▶ _Exercise description_
Output each record verbatim, with pictures left out.

────────

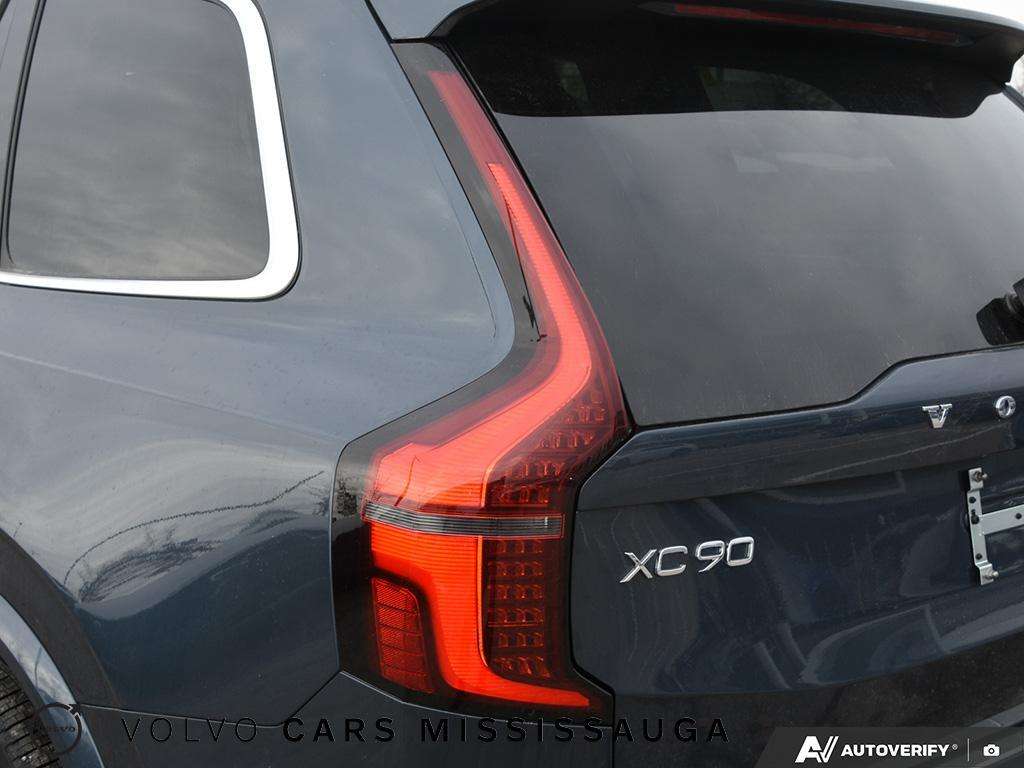 2026 Volvo XC90 T8 Core thumb 12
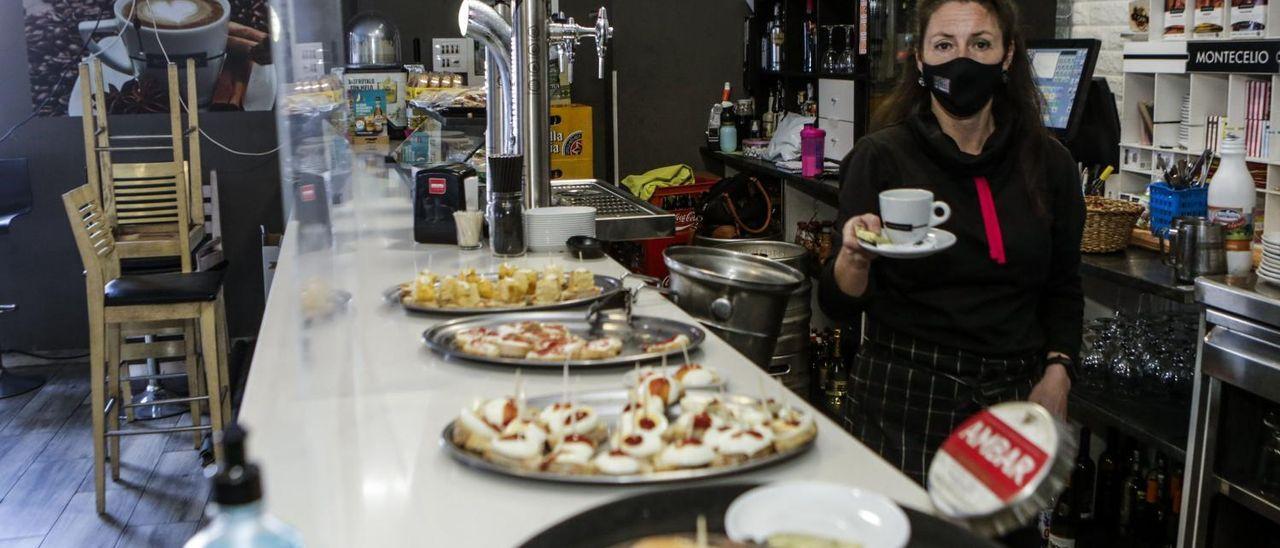 ¿Cuándo se podrá consumir en las barras de los bares y se ampliará el horario del ocio nocturno en Asturias?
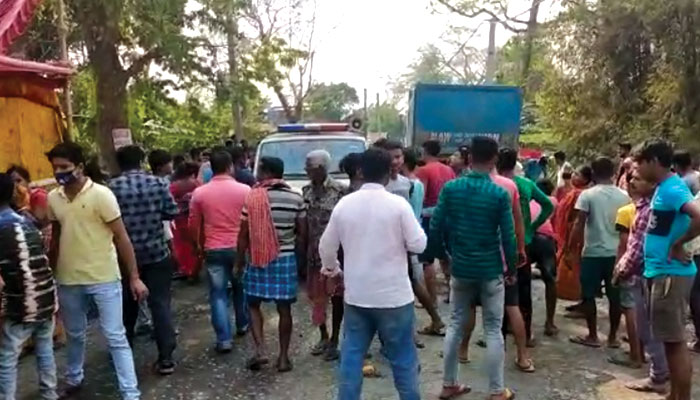 Road Accident: পুজোর চাঁদা তোলার জন্য গাড়ি থামাতে গিয়ে ভয়ঙ্কর ঘটনা, যুবককে পিষে দিল ডাম্পার Road Accident: পুজোর চাঁদা তোলার জন্য গাড়ি থামাতে গিয়ে ভয়ঙ্কর ঘটনা, যুবককে পিষে দিল ডাম্পার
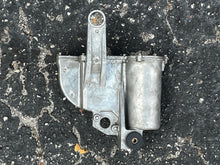 Cargar imagen en el visor de la galería, 150 - 300 hp Yamaha HPDI vst FLOAT CHAMBER BODY 60V-14980-00-00 66K-14980-00-00 two stroke 1999-2009
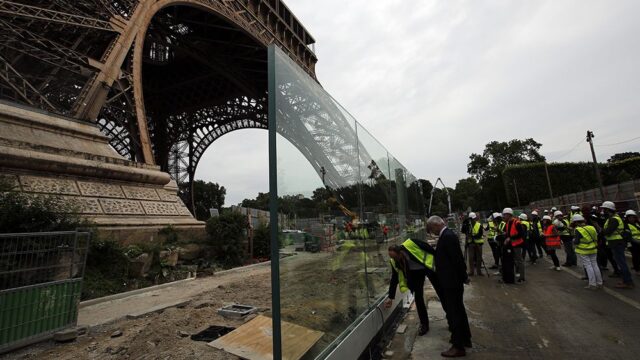 Эйфелеву башню оградят пуленепробиваемым стеклом для защиты от террористов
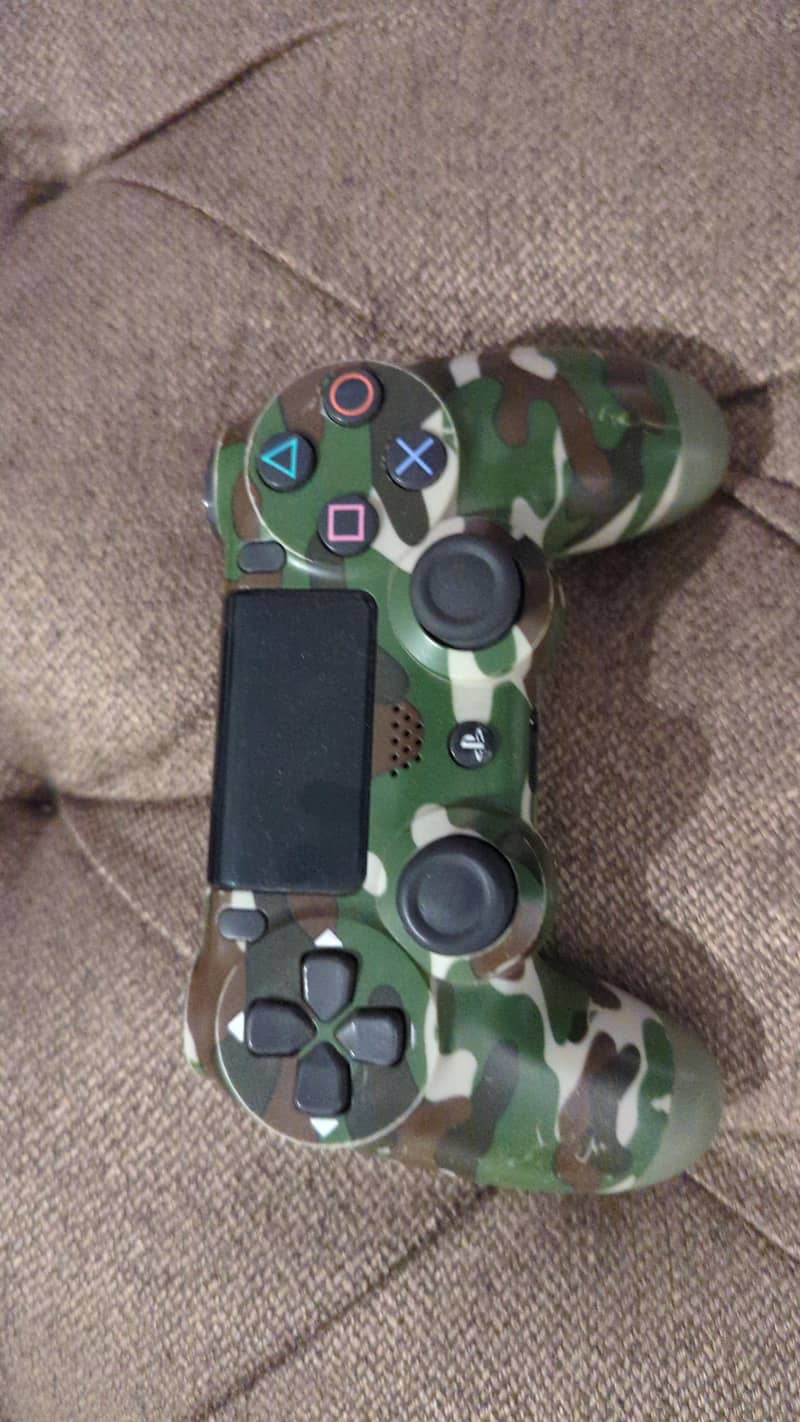 New Xbox controller and PS4 controller 2
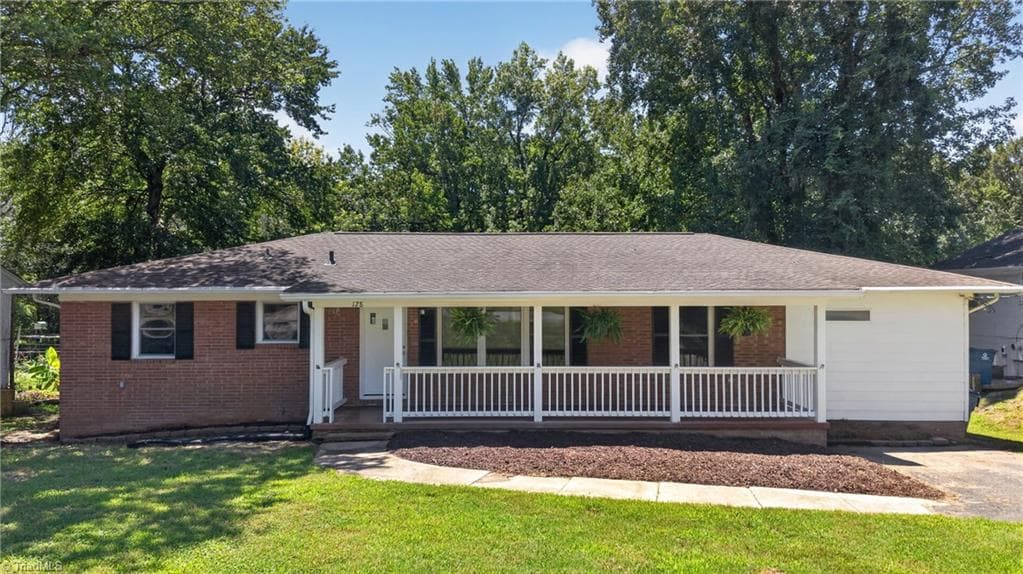 128 Englewood Drive, Archdale NC 27263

────────

▶ _Finished exercise_
 2026 Volvo XC90 T8 Core thumb 12
 ¿Cuándo se podrá consumir en las barras de los bares y se ampliará el horario del ocio nocturno en Asturias?
 Road Accident: পুজোর চাঁদা তোলার জন্য গাড়ি থামাতে গিয়ে ভয়ঙ্কর ঘটনা, যুবককে পিষে দিল ডাম্পার Road Accident: পুজোর চাঁদা তোলার জন্য গাড়ি থামাতে গিয়ে ভয়ঙ্কর ঘটনা, যুবককে পিষে দিল ডাম্পার
 Cargar imagen en el visor de la galería, 150 - 300 hp Yamaha HPDI vst FLOAT CHAMBER BODY 60V-14980-00-00 66K-14980-00-00 two stroke 1999-2009
 Эйфелеву башню оградят пуленепробиваемым стеклом для защиты от террористов
 New Xbox controller and PS4 controller 2
 128 Englewood Drive, Archdale NC 27263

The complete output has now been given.